Monday, November 23, 2009
Branding Lessons: 5 Tips for MADman Principals to Improve School Identity through Emotional Branding
Years ago, the first time I went into the Disney store in NYC, I had tears in my eyes. Cutching my young daughter's hand, I knew she was excited. She was almost dancing with delight! But the emotion of every experience I'd had with Disney as a child welled up inside me. Inside I was dancing with delight. A lifetime of emotions for a brand. What a connection! Although research says that even the strongest brands connect at the powerful emotional level with about half of their customers, it's worth thinking about it as a Branding Lesson for MADman Principals. It's worth thinking about the subtle ways that your school's brand might benefit from genuine emotional connection to an audience. Would it benefit having the "dance of satisfactory customer service delight" about your school's services present in the subconscious minds of your community? Would you want more than half of your community to have the subliminal buzz that the school is beneficial to them? I'd say yes...and around budget time and referundum time, the answer would be a definite YES!
So a few Tips on BRANDING and Emotions. One of the best pieces on the subject is William Mc Ewan's the Power of Emotional Connection.http://www.zibs.com/mcewen.shtml
What he's learned from digging into consumer conversations can inform your next emotionally charged conversation with colleagues and staff about branding. These MADman principles come from business, but I see them with educators eyes. They absolutely relate to schools and the need to build an identity that offers an emotional connection, one that builds support for any direction the school takes to build a unique identity for student achievement:
1. Consumers' emotions aren't merely warm and squishy concepts suitable mainly for greeting cards and Hollywood movies. Emotional connections are powerful and profitable. Emotional bonds represent critical indicators of a wide variety of future positive outcomes related to achievement. Schools provide services and products. There's an impressive Return on Investment that results from emotionally engaging a community niche market - and there's a substantial cost, especially around voting, that results from disengaging them.
2. There's a crucial difference between a customer and an engaged customer.
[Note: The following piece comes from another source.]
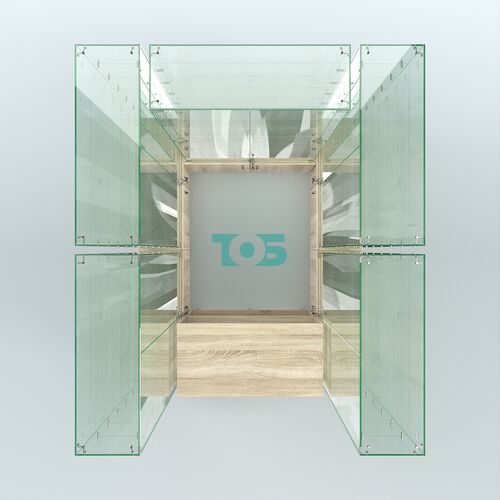 Павильон ИСТРА (глубина витрин-300мм) №1в (2, 70 кв.м)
Getting schools to increase customers should never be an objective; building customer engagement should be. MADman principals can be accountable for building engagement. It's never a single factor; it's the total brand experience that determines the enduring health of a "brand marriage"in a school community. The "people" component is almost always the toughest to get right,but MADmen have the edge!
3. Every time a customer comes in contact with the school organization - with its products, stores/schools, people, visual tags, or with the stories that appear in blogs and in the newspaper - the brand relationship can be enhanced. Or it can be diminished. Brand marriages aren't static; they continue to evolve. And every change, whether up or down, has a consequence.
4. Brand relationship management isn't just a marketing challenge, nor is it a challenge that can be met solely through operational or technology enhancements. Successful brand connection management requires a passionate and empowered MADman principal , A brand champion, who leads a school-wide commitment and aligns efforts that extend across a school or district.
5. School consumers' emotions can be reliably and meaningfully measured, quantified and, more to the point, can be managed. Schools can enhance their customer connections.
As McEwen states..It's certainly not easy. But it's not really optional; it's imperative.